The data structure is based on two tables: nodes and edges (it's how Martin Kleppman described this approach in the DDIA book).

Nodes are currently only people, but they could be anything, like hobbies or places. For simplicity's sake, I'm storing places and hobbies as properties, not as nodes, so they are not first-class citizens in this model.
Edges are relationships between people. They point from node A to node B and they have a label, like friend.
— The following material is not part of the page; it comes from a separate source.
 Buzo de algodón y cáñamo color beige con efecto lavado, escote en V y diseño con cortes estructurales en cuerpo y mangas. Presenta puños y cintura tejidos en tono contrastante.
Storing the data is straightforward. To query the data, I'm using some CTE's to get some basic info about a person's first level of connections (their names). I don't want to answer arbitrary questions like how can I get to person X from person A, so I'm not walking the graph with Postgres beyond a single level. Even if going a few levels was a requirement, it could be solved by recursive CTEs.
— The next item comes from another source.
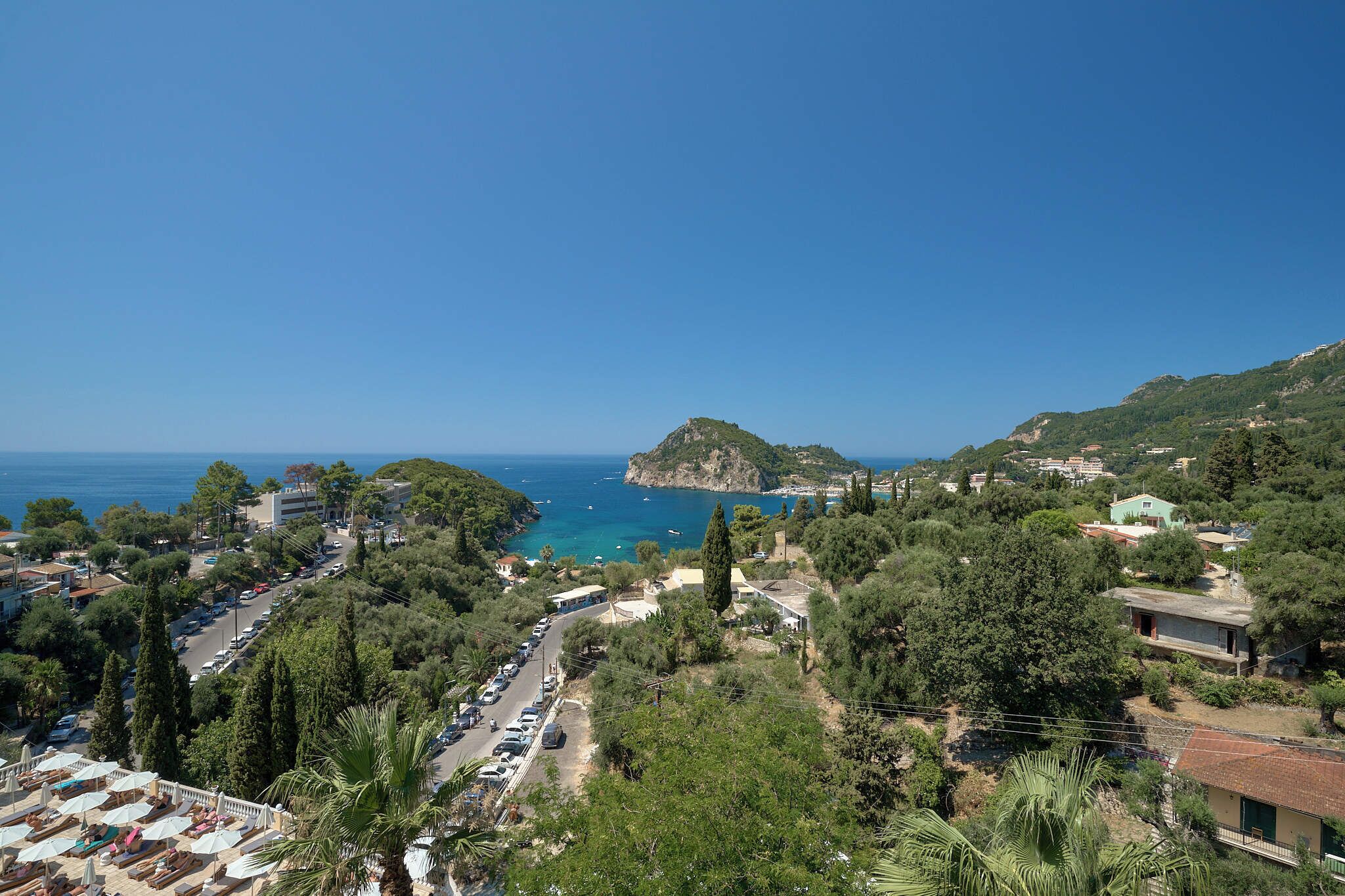 Une ville côtière offrant une vue dégagée sur la mer, dominée par une colline imposante, et bordée d’une route où sont garées des voitures.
The schema can be seen below:

people-api=# \d nodes
                     Table "public.nodes"
   Column   | Type | Collation | Nullable |      Default       
------------+------+-----------+----------+--------------------
 id         | uuid |           | not null | uuid_generate_v4()
 properties | json |           |          | 
Indexes:
    "nodes_pkey" PRIMARY KEY, btree (id)
Referenced by:
    TABLE "edges" CONSTRAINT "edges_head_node_fkey" FOREIGN KEY (head_node) REFERENCES nodes(id) ON DELETE CASCADE
    TABLE "edges" CONSTRAINT "edges_tail_node_fkey" FOREIGN KEY (tail_node) REFERENCES nodes(id) ON DELETE CASCADE
people-api=# \d edges
                     Table "public.edges"
   Column   | Type | Collation | Nullable |      Default       
------------+------+-----------+----------+--------------------
 id         | uuid |           | not null | uuid_generate_v4()
 tail_node  | uuid |           | not null | 
 head_node  | uuid |           | not null | 
 label      | text |           |          | 
 properties | json |           |          | 
Indexes:
    "edges_pkey" PRIMARY KEY, btree (id)
    "edges_heads" btree (head_node)
    "edges_tails" btree (tail_node)
Foreign-key constraints:
    "edges_head_node_fkey" FOREIGN KEY (head_node) REFERENCES nodes(id) ON DELETE CASCADE
    "edges_tail_node_fkey" FOREIGN KEY (tail_node) REFERENCES nodes(id) ON DELETE CASCADE

Limitations

There are many.

It's hard (but possible) to answer arbitrary graph-traversal questions with SQL - but as I mentioned earlier, it would be doable with recursive CTEs.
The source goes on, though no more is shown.